An optimistic book about the future of liberal democracies – surely not? But yes, that’s what Yascha Mounk has delivered with The Great Experiment: How to Make Diverse Democracies Work. It’s a book of three parts, the first of which is all about why diverse societies generally fail, starting with the innate human tendency to divide into us and them.

After this gloomy start, which is what we now expect from books about democracy, Mounk notes that this is too bad as most OECD (and other) countries now have diverse populations, and despite populism it is hard to conceive that going back to the more homogenous mid-20th century is possible. So the book goes on in the second part to set out a vision of what a diverse liberal democracy might look like. It argues strongly for “the core commitment of philosophical liberalism,” namely that the state has a responsibility to respect the moral autonomy of its citizens, which means setting limits to its own authority and also protecting individuals from the “cage of norms”, restrictions on autonomy set by their own religious or ethnic group. It also advocates for cultural patriotism, rather than nationalism or the civic patriotism of shared values. I like this alternative very much – it seems to me we are brought together by language, landscape, tv shows, sport, the way buildings and shops look etc. I’d add humour, very distinctive between different countries.

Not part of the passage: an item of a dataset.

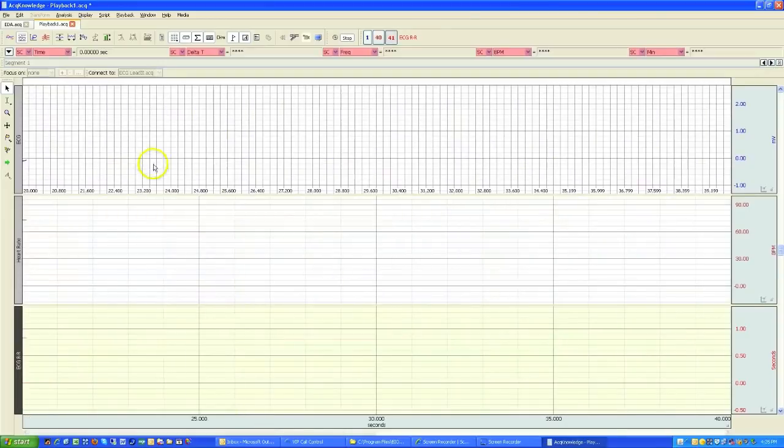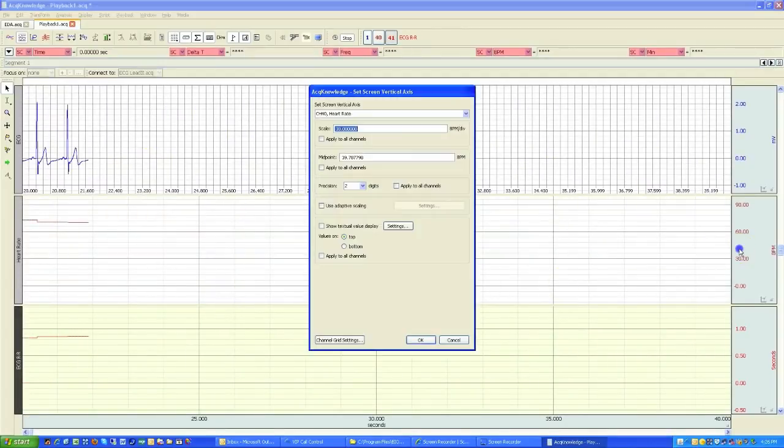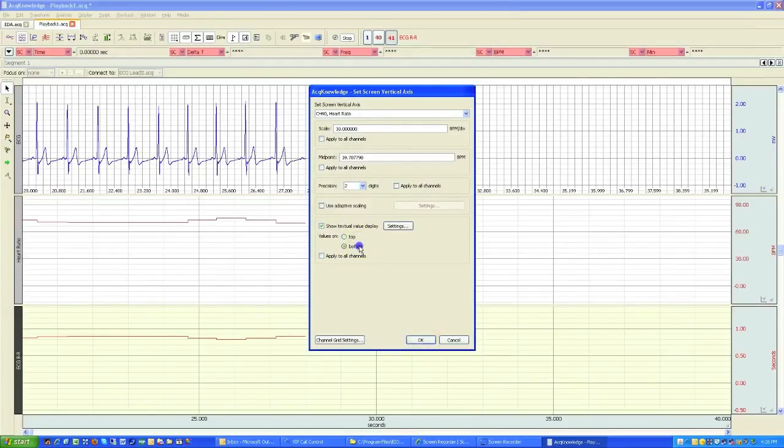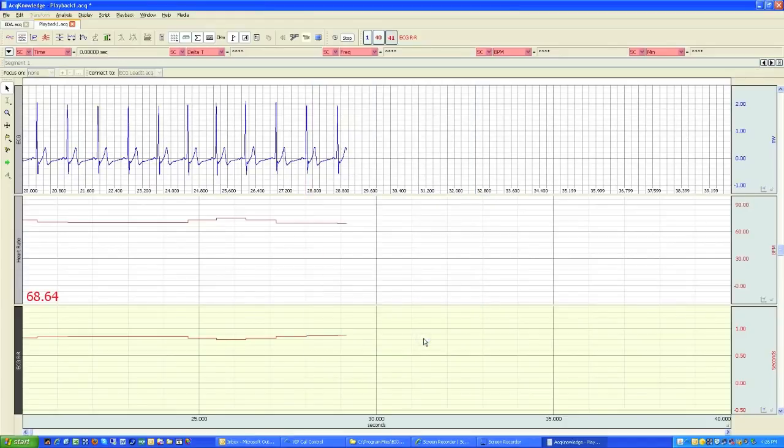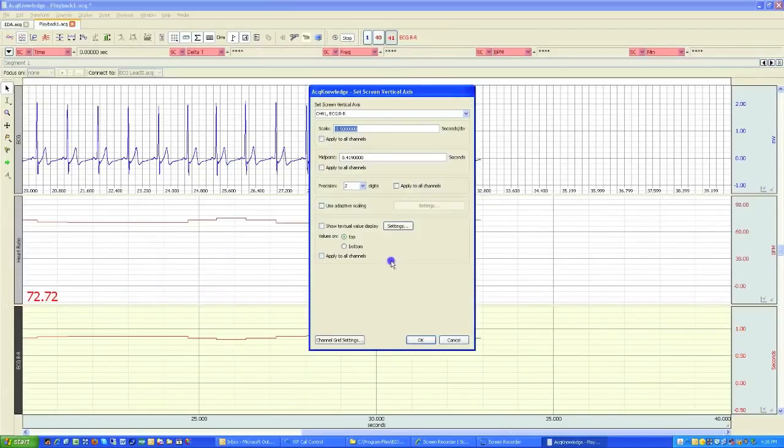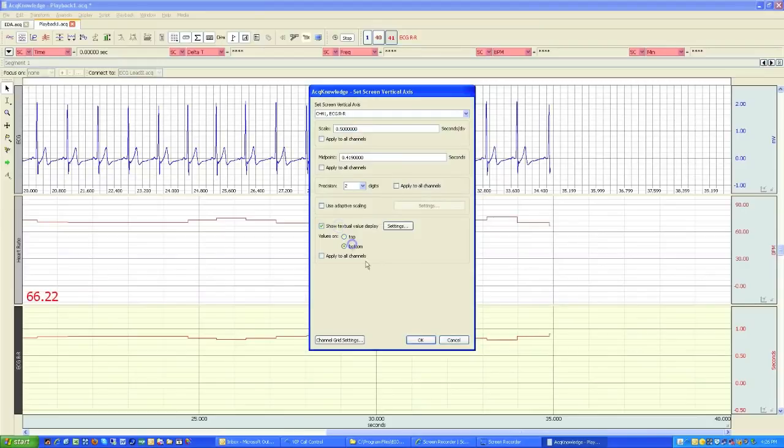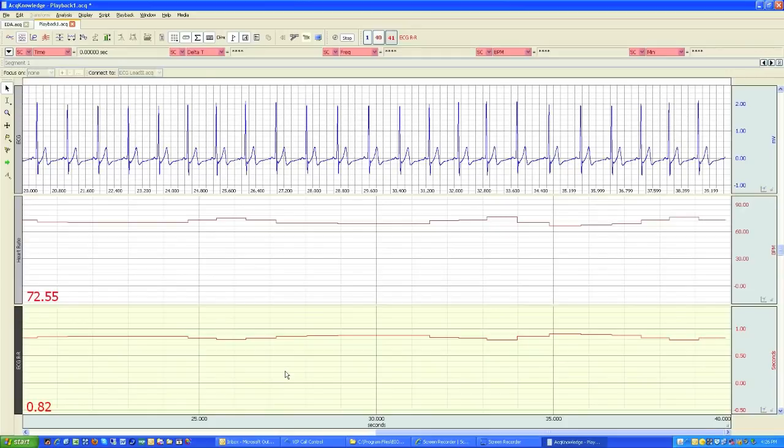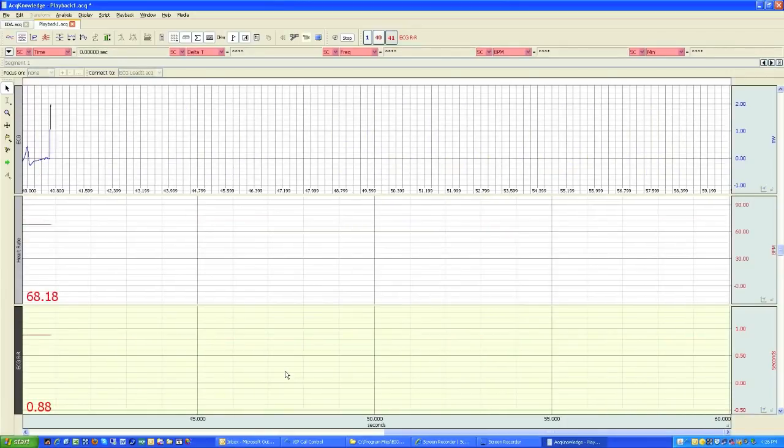The other thing we can do is come in and add the values. Show the textual values. And I'll put that at the bottom. So now we'll see our heart rate and R to R values displayed real time as we're replaying our data.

The final part starts with “reasons for optimism” – one of which is that actually, most of the diverse democracies are slowly making progress toward better integration, accepting that people have diverse and multiple identities. The book also argues that optimism is important because it will affect actions and outcomes. It acknowledges what it terms the ‘Chapter 10 problem’ – the generally unsatisfying list of policies at the end of a book, as demanded by publishers and indeed readers. It doesn’t really provide this so much as a few general reflections, concluding: “Constructing diverse democracies that command the enthusiastic support of the great majority of their citzens is going to be hard.” But what choice do we have other than to try? The Great Experiment is already well under way.

So I liked the upbeat message. I don’t think there’s much that’s new here for readers of the death of democracy genre, but the arrangement of the argument into an optimistic outlook is very welcome.